何を言っているのか良く分からなかったけれど何か勘違いしていると思った。
お父様は悪い事なんて絶対にしない。
「愚かな...」
お父様が吐くように呟いた。
「貴様っ!余を愚弄するか!」
陛下はお父様に対して顔を真っ赤にして唾を飛ばして叫んだ。
お父様に突き付けられた剣先は合わせたように一歩近付いた。
騎士達が力を込めるだけでお父様は串刺しになってしまう。
私とお母様はひゅっと息を飲んだ。
でもお父様は全く動じる様子は無かった。
「娘が本当に【神子】かどうかはまだ分かりません。しかし本当に【神子】だとしたら陛下は娘をどうするつもりですか」
陛下はふん!と鼻を鳴らした。
「決まっておろう。王太子の妻とするか、余の愛妾として可愛がってやる。そしてその力をこの国の為に使うのだ」
その言葉にお父様もお母様もわなわなと怒りで震えた。
「王太子殿下は今40歳、私よりも歳上ですよ。陛下に至っては御歳60を越えております。娘はまだ5歳です。可愛い娘の幸せを願う親としては承知致しかねますな。それに『国の為』と言いましたが『ご自分の為』の間違いでしょう?陛下は老いてから随分とやがて訪れる"死"を恐れを抱かれておりましたね。不老不死の妙薬を求め大金を無駄遣いされている事は存じております。陛下はもしや【神子】の力で死を逃れる術があると勘違いなさっておられるのでは?言っておきますが【神子】にはそんな力はありません」
ぐぬぬ、と変な音を出して王様はお父様を睨んだ。
「随分と生意気な口を開くものだな、オルレアン公爵」
陛下の背後から無駄に派手な服を着たでっぷりと太った目付きの悪いおじ様が歩いて来た。
「王太子殿下...」
このおじ様が王太子。
この国の王子様なのね。
なんか絵本で見た"王子様"とは全然イメージが違う。
ただの趣味の悪い太ったおじ様にしか見えないわ。
でも何故か異様な迫力がある。
「貴族というのは王家の為に尽くすものだろう。王家に対して忠義を損なう発言は最早貴族とは言えぬ。今、この場でオルレアン公爵家は取り潰しとする!貴様はたった今平民となった。先までの不躾な発言は不敬罪とし死刑としようそれで良いですか陛下」
王太子殿下は早口で捲し立てて陛下に顔を向けた。
陛下はポカンとしていたけど時間差で理解したのかニヤリと嗤って頷いた。
「う、うむ!それで良いだろう!オルレアン元公爵はこの場で処刑せよ。オルレアン元公爵婦人は王太子が好きするが良い!【神子】の力は余のものとする!」
「ありがとうございます」
「......」
これは一体何だろう。
お父様が貴族ではなくなった?
こんな簡単に?
それでお父様を死刑?
お母様をどうするつもりなの?
私はどうなるの?
こんな事が許されるの?
サァーッと血の気が引いた。
するとお母様が私を優しく抱き寄せた。
お母様のお顔を見上げると何故か笑みを浮かべていた。
「何時からこんなにも王家は愚かになったのだ...」
お父様が小さな声を零した。
それは意外にも悲しそうな声に聴こえた。
その瞬間。
お父様の足下が光り出し魔法陣が現れた。
魔法陣から上に向かって硬質な魔力が吹き上がる。
お父様に剣先を向けていた騎士達がそれに弾かれ体勢を崩して尻もちを着いた。
「馬鹿なっ!魔力封じの枷を着けているのに魔法障壁だと!?」
王太子殿下が後退りながら叫んだ。
お父様の作り出した剣や魔法を弾く魔法障壁の魔法陣が大きくなって私とお母様の足元まで広がった。

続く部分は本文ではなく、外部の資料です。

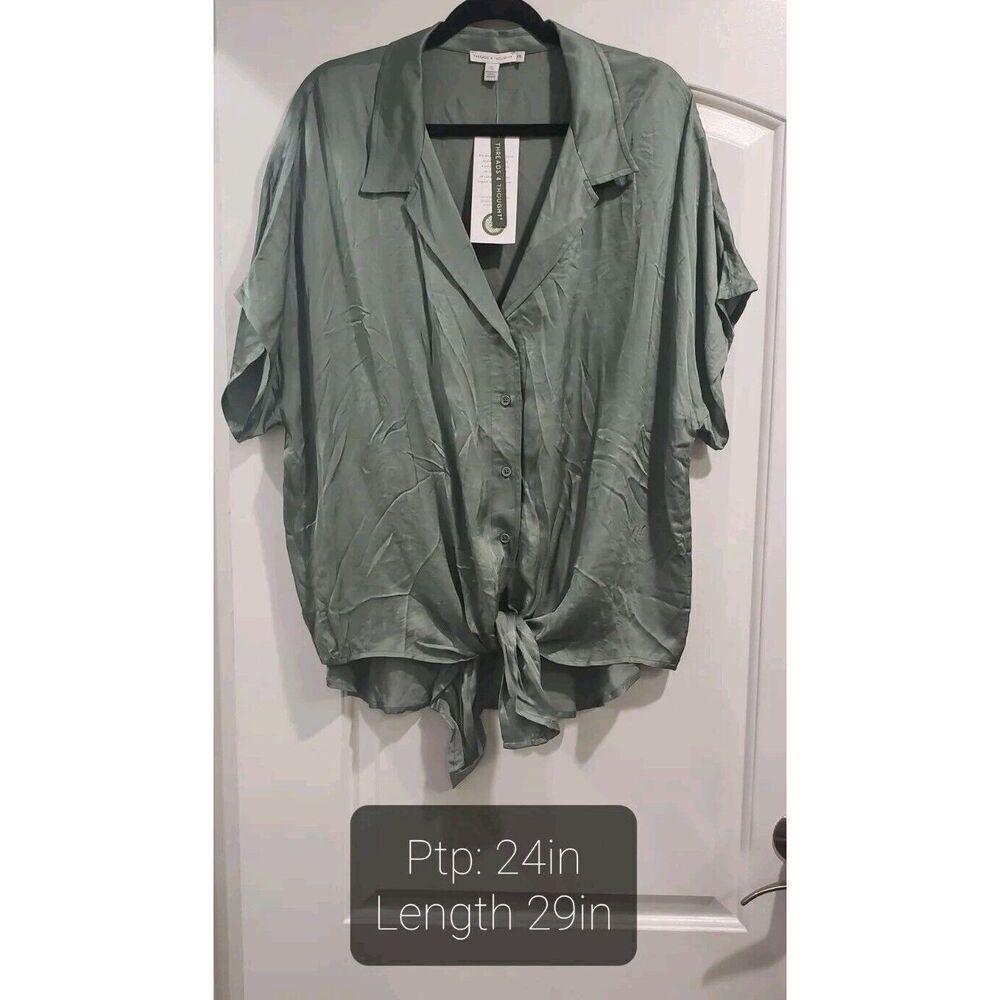 Threads 4 Thought Women's Sheena Sateen Button-Up Shirt Green XXL NWT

私達以外の近くに居た騎士達は魔法陣の外へと弾かれた。
お父様の手に着けられていた枷と鎖が外れてガシャンと音を立てて床に落ちた。
「こんな国の貴族籍など此方から願い下げだ」
お父様吐き捨てる様に言い放ち、私とお母様を抱き締めた。
「怖い思いをさせて済まなかった。もうこんな国からは家族で出て行こう」
そう言っていつもの優しい笑顔を見せてくれた。
「ええ、もちろんですわ」
「私はお父様とお母様が居てくれればいい」
本音だった。
私にはお父様とお母様が居るだけで良いのだ。
専属侍女のミナや公爵邸の使用人さん達に会えなくなるのは少し寂しいけれど、お父様とお母様さえ居てくれればいい。
お菓子だって要らない。
綺麗なドレスも要らない。
美味しい公爵家のご飯も要らない。
お父様とお母様さえ居てくれれば他は何も要らない。
「ありがとう。マリー、ヴァレリー。私の家族を傷付ける国にはもう用は無い」
お父様は袖の宝石の付いたカフスを外した。
よく見れば其れは宝石ではなく魔法陣が刻まれた魔石だった。
「転移の魔石か!」
王太子殿下が叫んだ。
転移の魔法は伝説の古代文明にあったとされる失われた古代魔法で使える人は今は居ない。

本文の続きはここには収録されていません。